Task item:
Identify the line with "PROLOGO DIMENSION NDR"; copy word for word that line and every one after it, to the end of the listing. Exclude pictures.

Provided data:
------
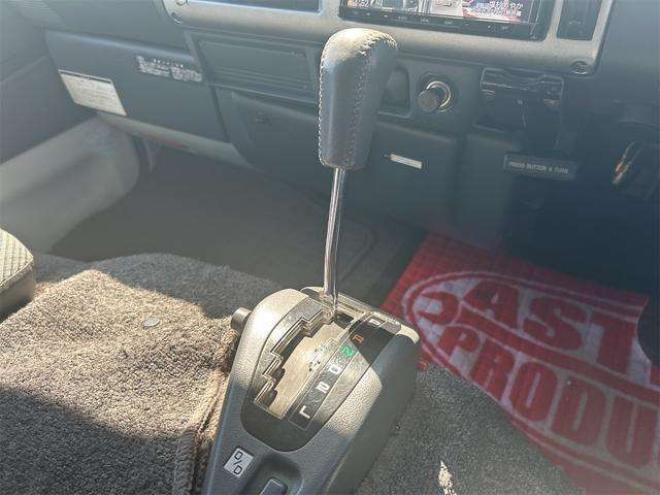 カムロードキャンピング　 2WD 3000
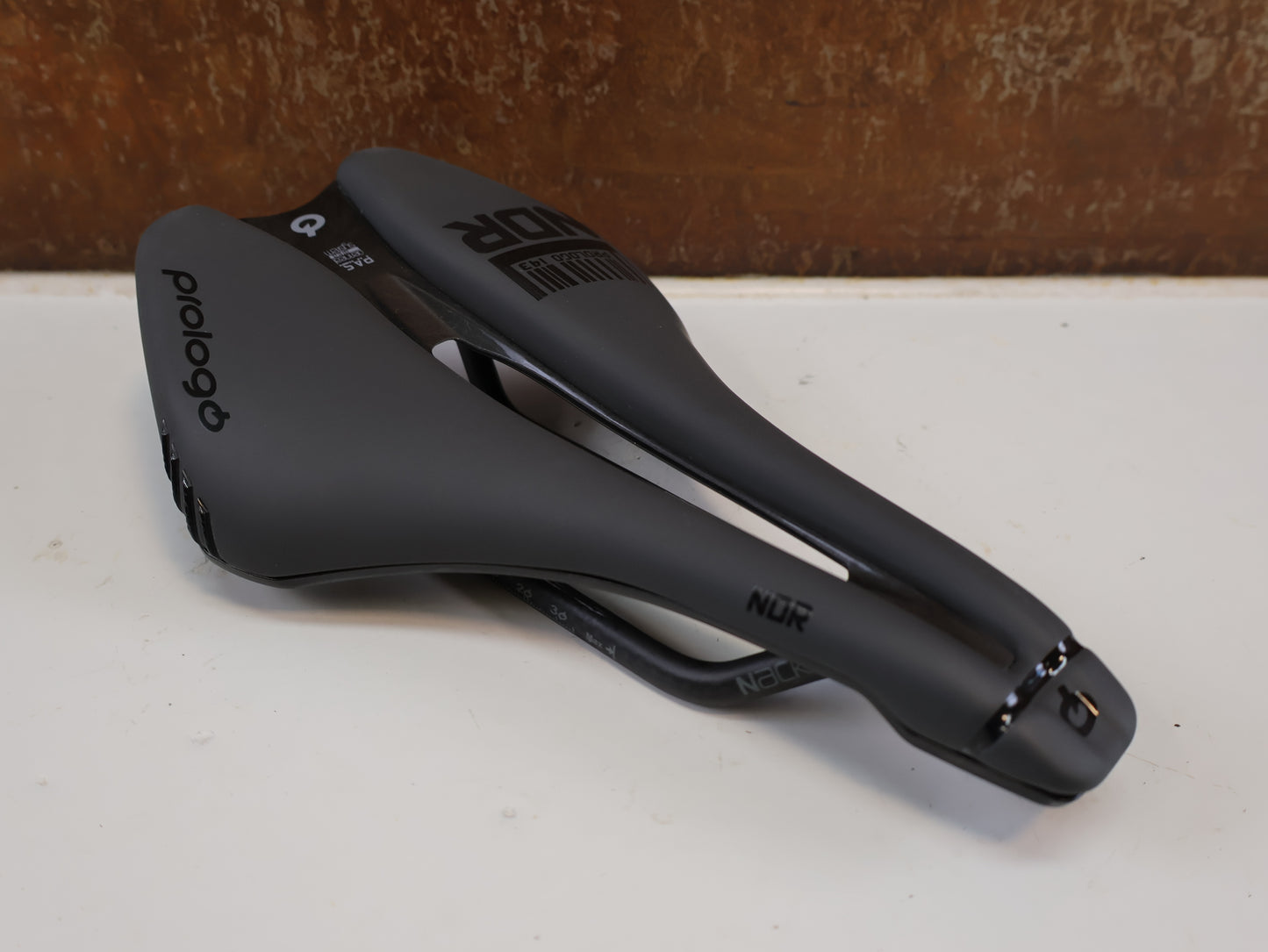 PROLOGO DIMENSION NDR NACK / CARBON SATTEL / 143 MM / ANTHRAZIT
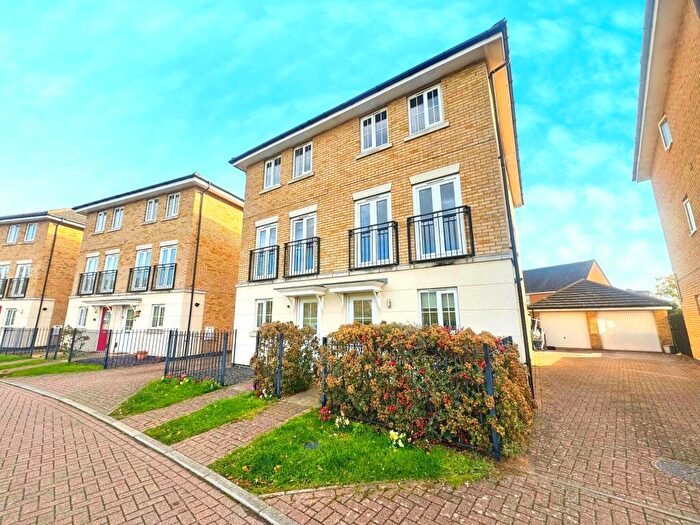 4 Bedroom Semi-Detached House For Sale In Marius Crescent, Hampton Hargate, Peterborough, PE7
------
Expected output:
 PROLOGO DIMENSION NDR NACK / CARBON SATTEL / 143 MM / ANTHRAZIT
 4 Bedroom Semi-Detached House For Sale In Marius Crescent, Hampton Hargate, Peterborough, PE7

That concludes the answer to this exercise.